Berita Eks Kapolres Bima Kota AKBP Didik Terancam Penjara Seumur Hidup

by
Berita Eks Kapolres Bima Kota AKBP Didik Terancam Penjara Seumur Hidup


Jakarta, Pahami.id

Mantan Kapolri Bima AKBP Bandar Didik Putra Kuncoro ditetapkan sebagai tersangka kasus dugaan trafficking narkoba terancam hukuman maksimal penjara seumur hidup.

Didik diduga melanggar Pasal 609 ayat 2 huruf a Undang-Undang Nomor 1 Tahun 2023 tentang KUHP dan Undang-Undang Nomor 1 Tahun 2026 tentang Penyesuaian Pidana serta Pasal 62 Undang-Undang Nomor 5 Tahun 1997 tentang Psikotropika.

Ancaman pidana penjara seumur hidup atau pidana penjara paling lama 20 tahun dan atau pidana denda paling banyak kategori VI paling banyak Rp 2 miliar dan pidana penjara paling lama 5 tahun dan atau pidana denda paling banyak kategori IV paling banyak Rp 200 juta, kata Kepala Divisi Humas Polri Irjen Johnny Eddizon Isir di ruang kerjanya, Ahad/5, Minggu.


Meski berstatus tersangka, Didik belum ditahan. Saat ini ia masih menjalani penempatan khusus (Patsus) sambil menunggu sidang kode etik yang digelar pada Kamis, 19 Februari 2026.

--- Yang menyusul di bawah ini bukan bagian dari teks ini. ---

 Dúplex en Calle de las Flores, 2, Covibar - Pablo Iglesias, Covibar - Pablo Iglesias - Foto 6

“Saat ini AKBP DPK belum ditahan oleh Direktorat 4 Bareskrim Polri karena pihak-pihak yang terlibat masih menjalani proses penempatan khusus oleh Divpropam Polri terkait proses kode etik yang sedang dalam proses lebih lanjut,” imbuhnya.

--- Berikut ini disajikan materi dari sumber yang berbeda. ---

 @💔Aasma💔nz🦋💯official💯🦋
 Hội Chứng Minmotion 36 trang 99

Keterlibatan Didik dalam kasus dugaan penyalahgunaan narkoba terungkap melalui keterangan AKP Malaungi selaku Kasat Narkoba Polres Bima Kota yang turut ditetapkan sebagai tersangka.

Pada Rabu, 11 Februari 2026, Biro Divpropam Ibu Kota Polri bersama Direktorat Reserse Narkoba Polri, Bareskrim Polri melakukan penggeledahan di rumah pribadi Didik di kawasan Tangerang.

Dari upaya paksa tersebut ditemukan barang bukti berupa 7 klip plastik sabu dengan berat total 16,3 gram. Kemudian 50 jenis narkotika jenis ekstasi. Kemudian 19 Pil Alprazolam dan 2 Pil Happy Five.

“Kami pastikan tidak ada perlakuan istimewa yang diberikan kepada anggota Polri atau keluarga masing-masing. Sekali lagi pimpinan Polri menegaskan dan menjamin tidak akan ada impunitas bagi anggota Polri yang terlibat jaringan narkotika,” tegas Isir.

Bahkan, kami menerapkan standar pemeriksaan yang lebih ketat untuk menjaga harkat dan martabat institusi. Hal ini sejalan dengan instruksi pimpinan Polri untuk melakukan pembersihan internal secara konsisten dan berkesinambungan, tutupnya.